Greg Mankiw, claiming agnosticism about whether or not unemployment insurance should be renewed, offers some bad arguments against it:
[W]hen I hear economists advocate the extension of UI to 99 weeks, I am tempted to ask, would you also favor a further extension to 199 weeks, or 299 weeks, or 1099 weeks? If 99 weeks is better than 26 weeks, but 199 is too much, how do you know?
The simple answer to the question of when you stop extending unemployment insurance is when the job market is back to normal. Right now, with five job-seekers for every opportunity to work, we would still have abnormally high unemployment if every single open job were filled.

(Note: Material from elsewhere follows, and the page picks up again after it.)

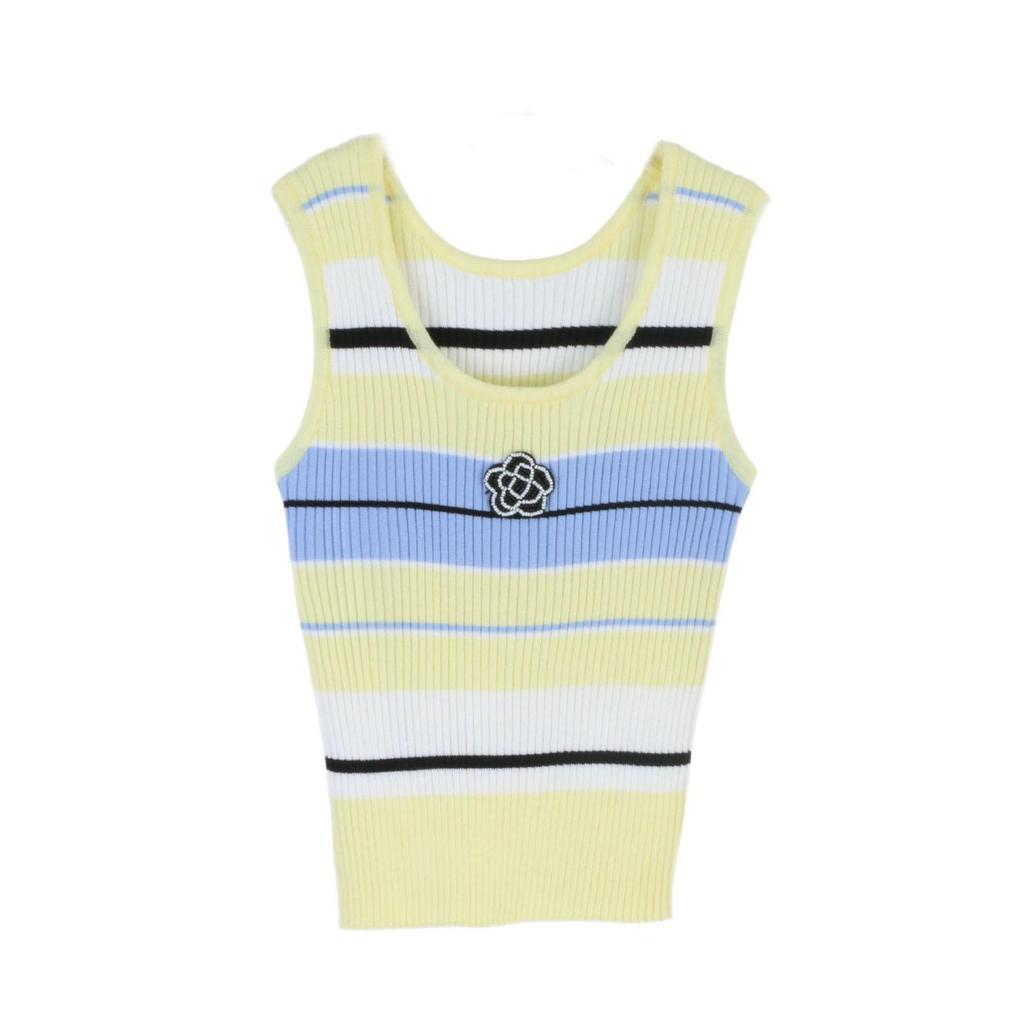 Farbblock Gestreifte Ärmellose Strickweste: Frühlings-/Sommer-Pendlerstil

I'm sure people would be happy to set a target based on ending long-term extensions after certain targets have been hit. But Mankiw thinks the real answer is, in fact, a plot to take money away from the wealthy:
... economists who strongly favor the extension of UI benefits, such as those who signed this letter, also tend to favor more income redistribution in general. I suspect, therefore, that the foundation of their support comes not from having weighed the specific pros and cons of UI per se, but rather from a more general desire to "spread the wealth around." That issue is, as I tell my students, more a matter of political philosophy than it is of economics.
What a brilliant plot on the part of these economists, fulfilling their socialist desire to maintain the jobless on the bare edge of poverty under the guise of the social safety net. Where Mankiw sees creeping socialism, he misses a real concern held by these economists: He doesn't mention poverty at all in his post. An actual reason to support a social safety net is to reduce temporary poverty and the economic, as well as moral, costs it imposes on a society. This is more than just raising aggregate demand, which Mankiw does touch on. With 2 million people scheduled to lose benefits in the new year, and 6.7 million scheduled to lose them of the entire course of 2011, poverty is guaranteed to increase without action: 3.3 million people were protected from poverty in 2009 by UI.
Poverty, of course, has negative effects on our economic infrastructure. It diminishes human capital -- workers' skills atrophy, their earning potential is limited, and, in some models, crime increases. For children, the situation is even worse: The Center for American Progress suggested a few years ago that the costs of childhood poverty amount to $500 billion a year. That suggests the unemployment insurance is an important investment in maintaining our labor force until the job market recovers; ideally, some kind of policy action could be taken to help it do just that.
But regardless of what you think the right approach to job creation is, the fact is that there aren't enough jobs, and helping bear those costs temporarily -- even when temporary seems like a long time -- strikes most people as a good idea. That's why Congress, until last week, never rejected an extension of unemployment insurance before when the jobless rate has been over 7.2 percent. Today, 9.8 percent of the work force, nearly 15 million Americans, remains unemployed.